US ambassador to the UN Linda Thomas-Greenfield said that in adopting the resolution, the US “fully supports” the resolution’s “critical objectives”.
“In fact, they were the foundation of the resolution we put forward last week – a resolution that Russia and China vetoed.”
Resolution ‘could have come months ago’
Emphasising that her country’s support for the objectives “is not simply rhetorical,” Ms Thomas-Greenfield said that the US “is working around the clock to make them real on the ground through diplomacy”.
She also said a ceasefire could have come “months ago” had Hamas been ready to release the hostages, accusing the group of throwing roadblocks in the path of peace.
“So today my ask to members of this council… is ‘speak out and demand unequivocally that Hamas accepts the deal on the table’,” she said.
The US had vetoed three previous resolutions demanding a ceasefire in Gaza, the most recent a measure backed by the 22-nation Arab Group at the UN on 20 February.
Vote ‘sends clear and united message’
In explaining the UK’s support of the proposal, Dame Barbara Woodward, the country’s ambassador to the UN, said she “regrets that this resolution has not condemned” the 7 October attack but welcomed the ongoing diplomatic efforts by Egypt, Qatar and the US.
“The resolution sends a clear and united message on the need for international humanitarian law to be upheld and for aid to be scaled up urgently, inclduing the lifting of all barriers impeding its delivery.
“We need to focus on how we chart the way from an immediate humanitarian pause to a lasting sustainable peace without a return to fighting,” she added.
UN secretary-general Antonio Guterres said on social media after today’s vote that the resolution “must be implemented”, adding: “Failure would be unforgivable.”
More than 32,000 Palestinians in Gaza have been killed during the fighting, according to the Gaza Health Ministry.

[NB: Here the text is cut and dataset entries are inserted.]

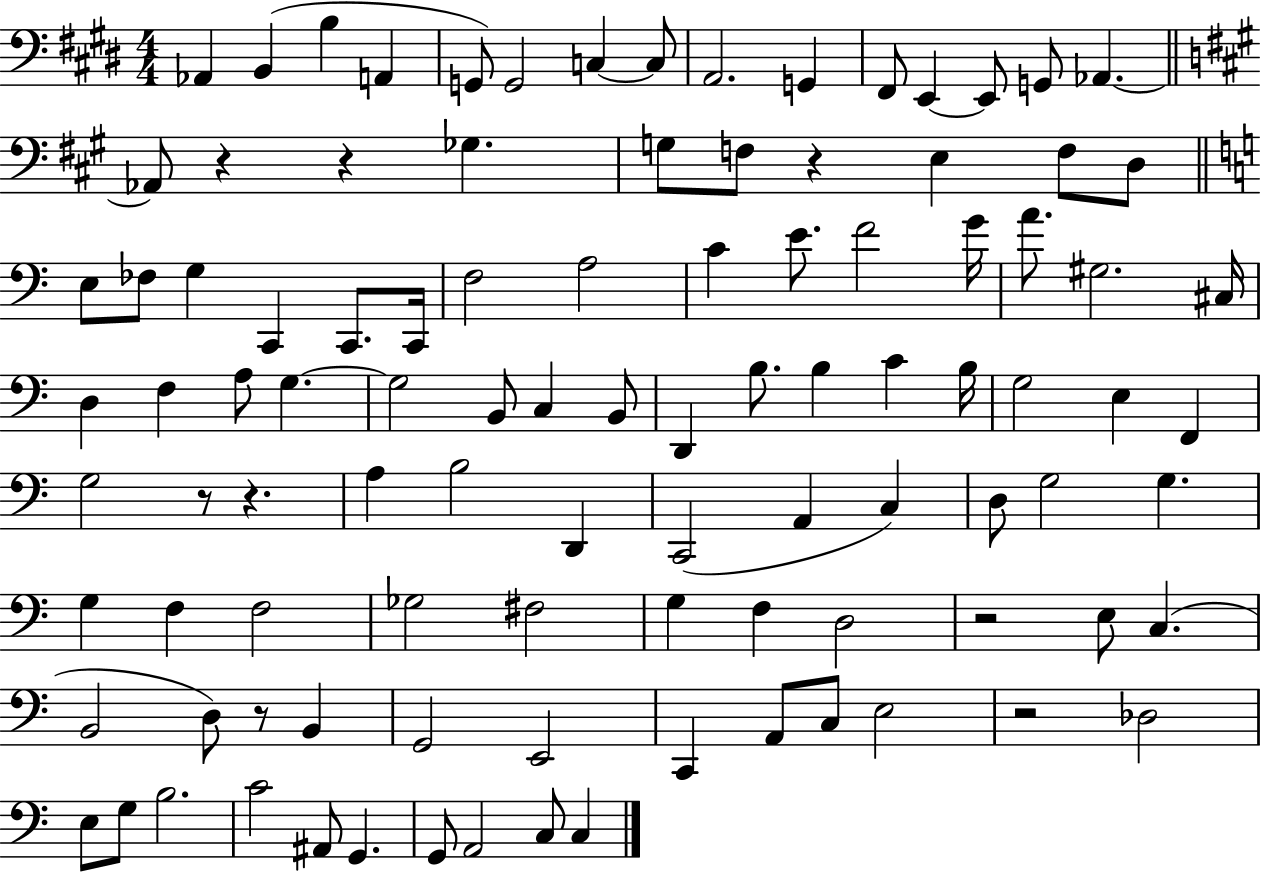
{
  \clef bass
  \numericTimeSignature
  \time 4/4
  \key e \major
  aes,4 b,4( b4 a,4 | g,8) g,2 c4~~ c8 | a,2. g,4 | fis,8 e,4~~ e,8 g,8 aes,4.~~ | \break \bar "||" \break \key a \major aes,8 r4 r4 ges4. | g8 f8 r4 e4 f8 d8 | \bar "||" \break \key a \minor e8 fes8 g4 c,4 c,8. c,16 | f2 a2 | c'4 e'8. f'2 g'16 | a'8. gis2. cis16 | \break d4 f4 a8 g4.~~ | g2 b,8 c4 b,8 | d,4 b8. b4 c'4 b16 | g2 e4 f,4 | \break g2 r8 r4. | a4 b2 d,4 | c,2( a,4 c4) | d8 g2 g4. | \break g4 f4 f2 | ges2 fis2 | g4 f4 d2 | r2 e8 c4.( | \break b,2 d8) r8 b,4 | g,2 e,2 | c,4 a,8 c8 e2 | r2 des2 | \break e8 g8 b2. | c'2 ais,8 g,4. | g,8 a,2 c8 c4 | \bar "|."
}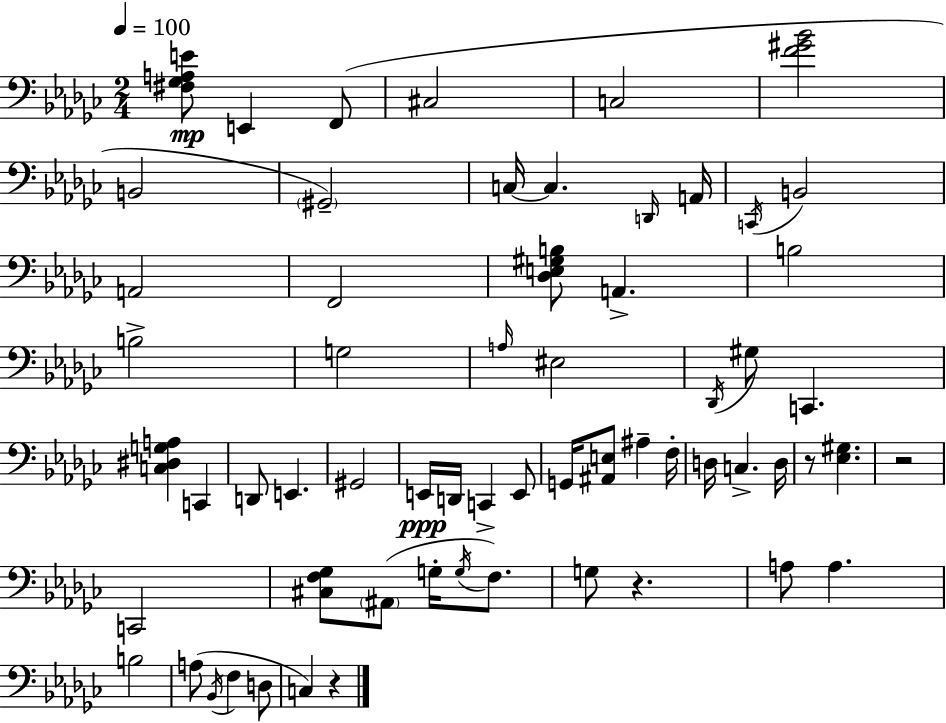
X:1
T:Untitled
M:2/4
L:1/4
K:Ebm
[^F,_G,A,E]/2 E,, F,,/2 ^C,2 C,2 [F^G_B]2 B,,2 ^G,,2 C,/4 C, D,,/4 A,,/4 C,,/4 B,,2 A,,2 F,,2 [_D,E,^G,B,]/2 A,, B,2 B,2 G,2 A,/4 ^E,2 _D,,/4 ^G,/2 C,, [C,^D,G,A,] C,, D,,/2 E,, ^G,,2 E,,/4 D,,/4 C,, E,,/2 G,,/4 [^A,,E,]/2 ^A, F,/4 D,/4 C, D,/4 z/2 [_E,^G,] z2 C,,2 [^C,F,_G,]/2 ^A,,/2 G,/4 G,/4 F,/2 G,/2 z A,/2 A, B,2 A,/2 _B,,/4 F, D,/2 C, z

The agency does not differentiate between civilians and combatants in its count, but says women and children make up two -hirds of the dead.
Gaza also faces a dire humanitarian emergency, and a UN-backed report published last week said “famine is imminent” in northern Gaza and that escalation of the war could push half of the territory’s 2.3 million people to the brink of starvation.